Thursday, February 4, 2010

Midwives Don’t Deliver? What's the Catch?

by Melissa Garvey, ACNM Writer and Editor

In preparation to launch the A.C.N.M. Foundation’s online quiz at, one of the biggest hurdles was choosing a name. Our review panel consisted of midwives around the country of varying ages and practice settings, A.C.N.M. Foundation Board members, and the ACNM communications team. DeliverMyBaby had that snappy ring we were looking for, but there was that word…“deliver.”

Our review team members had opinions both for and against “deliver.” Most midwives prefer saying “I will attend a woman’s birth” or “I will be there to catch a woman’s baby”—not deliver a woman’s baby. It’s a noteworthy distinction, which acknowledges that the woman does the work of birthing the baby.
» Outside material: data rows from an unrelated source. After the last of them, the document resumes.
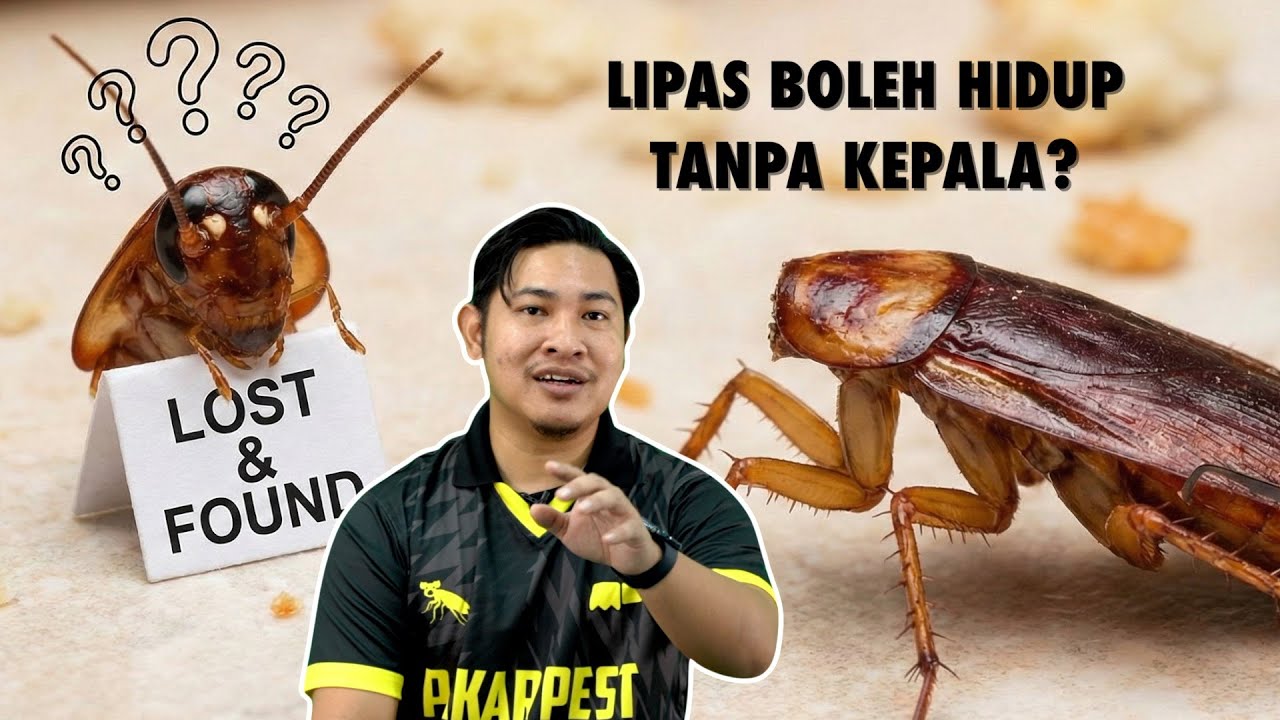 Lipas Masih Boleh Hidup Tanpa Kepala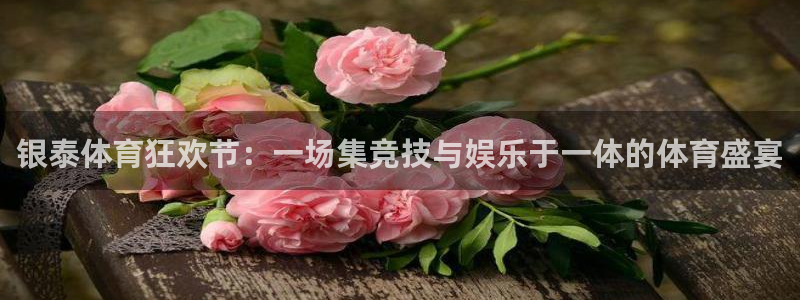 678体育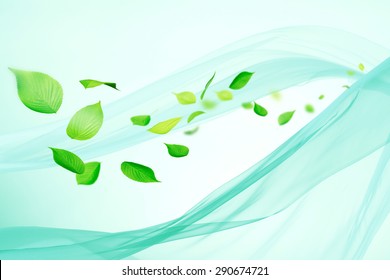 The leaf flows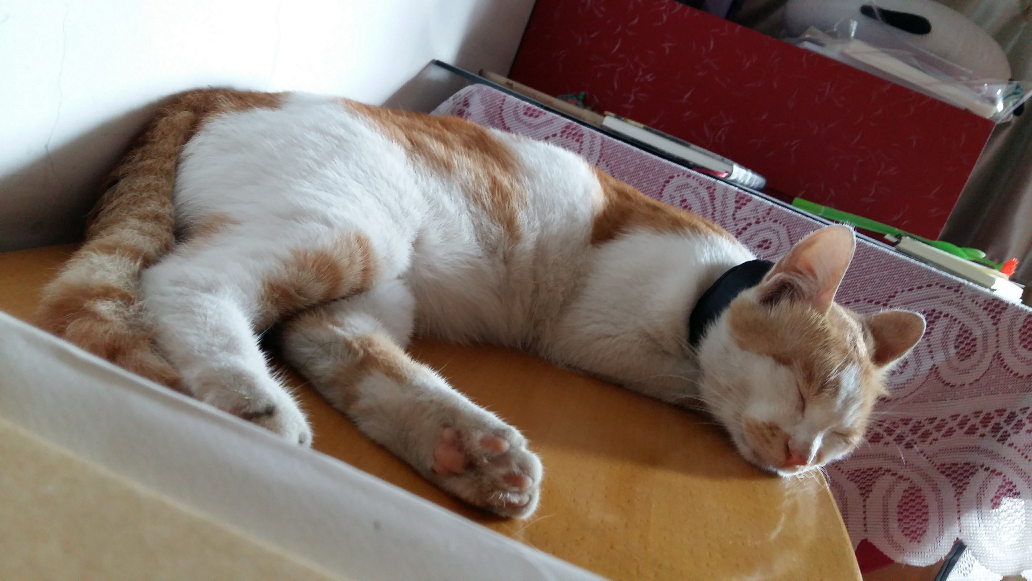 为什么有人遛狗,却没看到有人溜猫。换句话说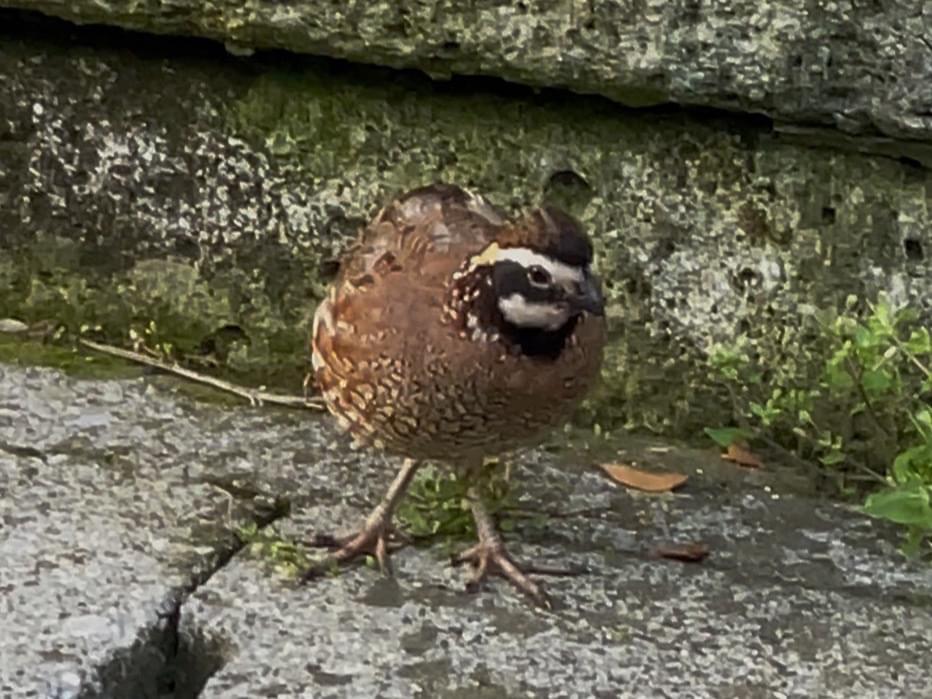 目撃された鳥 目撃された鳥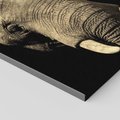 Obraz na płótnie 80x80 - Potężny słoń Afryki - safari, afryka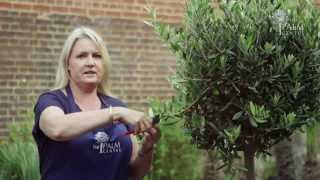 How to Prune an Olive Tree [upl. by Nelhsa352]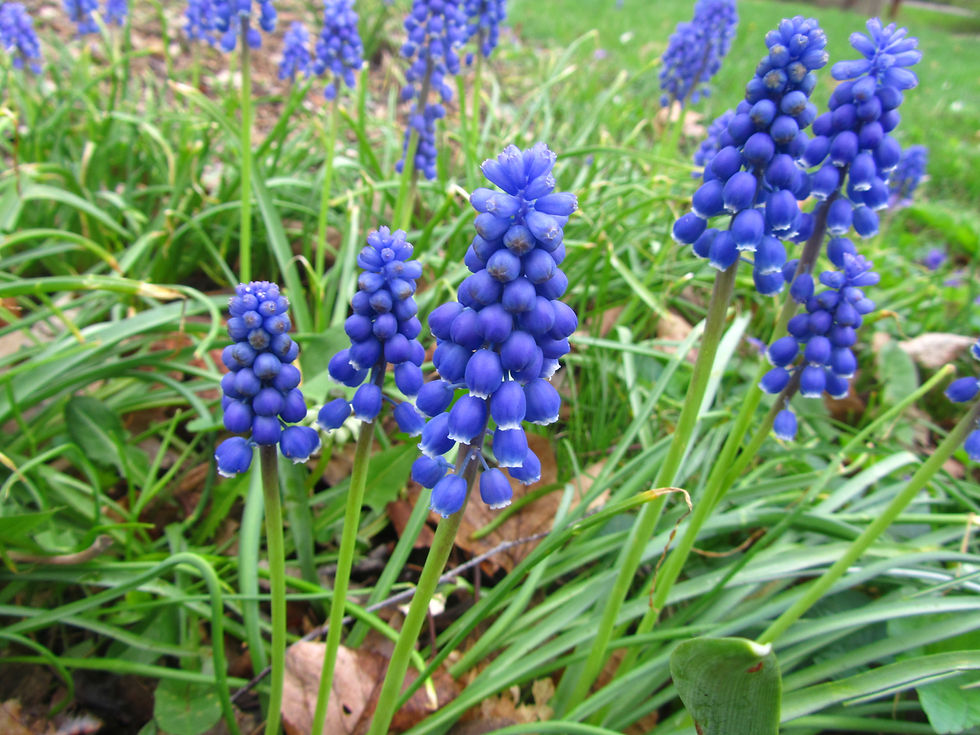 Muscari botryoides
Midwives have a distinct style of care, and it shows up even in their word choices. Many midwives say they have clients—not patients. Some clients end up needing a cesarean birth—not a cesarean section.

But, of course, there is a flip side when it comes to naming an online quiz. The quiz was made for expectant parents who may have never considered using a midwife as their care provider. What are they most likely to click on: attend, catch, or deliver my baby?

This reasoning is causing some traditional midwifery word preferences, such as "client" and "catch," to take a back seat to more mainstream, commonplace terms of today’s health care scene. As an ACNM communications team member, I prefer the traditional, unique words used by midwives whenever possible and appropriate. I do, however, think there is a time and a place for both “deliver” and “catch.”

What do you prefer? And what do you think about the evolution of how midwives are using these words?


amberdoula said...

I prefer "catch", but I agree that most but not all babies "fall". So I suppose there are times when some swift maneuvering is involved though I guess you can't call it "finger-hook-press-down-both-knees-up-to -chest-while-pulling-on-angled" Or Can you? "A midwife finger-hooked-pressed-both-my-knees-up-to -chest-while-she-pulled-on-angled my baby."

Anonymous said...

Someone I know uses the term "receives the baby" which I like. I understand the use of the term "deliver" in contexts such as this (but I try not to use the term myself).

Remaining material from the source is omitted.